Birmingham is also the seat of Jefferson County, which filed the biggest municipal bankruptcy in U.S. history under the burden of more than $3 billion of sewer-system debt. The so- called Magic City may need a big trick to persuade residents and businesses that its days of losing are over.

{snip}

Birmingham was once a manufacturing center whose steel furnaces lit the night sky. A 56-foot statue of Vulcan, the Roman god of the forge, looks down on the city from a 124-foot pedestal that rises from Red Mountain, where he holds aloft the tip of a newly hammered spear.

{snip}

The slide to bankruptcy began in 1996, when the county was forced to rebuild its sewer system after pollution was found spewing into rivers.
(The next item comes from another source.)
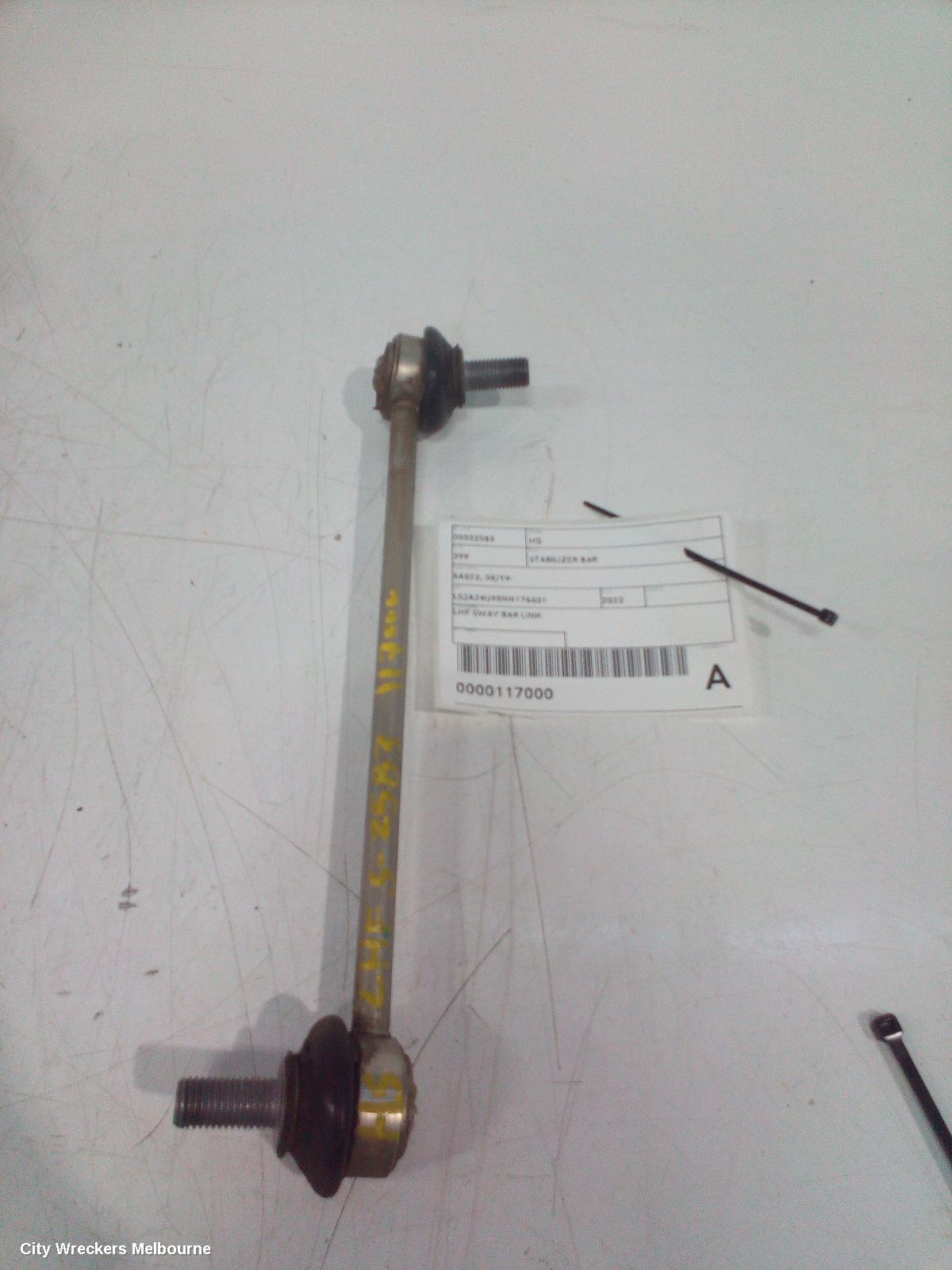 MG HS STABILISER BAR, SAS23, 08/2019 - 12/2024 - Image 2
Risky derivative financing for the project backfired beginning in early 2008, leading the county to become one of the biggest casualties of Wall Street’s credit crisis.

{snip}

Birmingham, with 4,160 employees and a $371 million general-fund budget for 2011, carries Moody’s Investors Service’s third-highest bond rating at Aa2.

Jefferson County’s bonds are rated 14 levels lower: Caa1, below investment grade.

{snip}

Residents are torn as to what bankruptcy will mean.

“It’s a sad day for Birmingham and for Jefferson County,” said Sophia Faulk, owner of Sophia’s Deli and Catering across the street from the county’s offices. “I’ve never seen people so unhappy.”

{snip}

Hilson of the Business Alliance said the city, which has weathered so much, will outlast this storm.

“All of the positive attributes of the community in time will overshadow what has happened and is happening now, but that’s going to take some time,” he said. “It’s certainly not going to be an overnight fix.”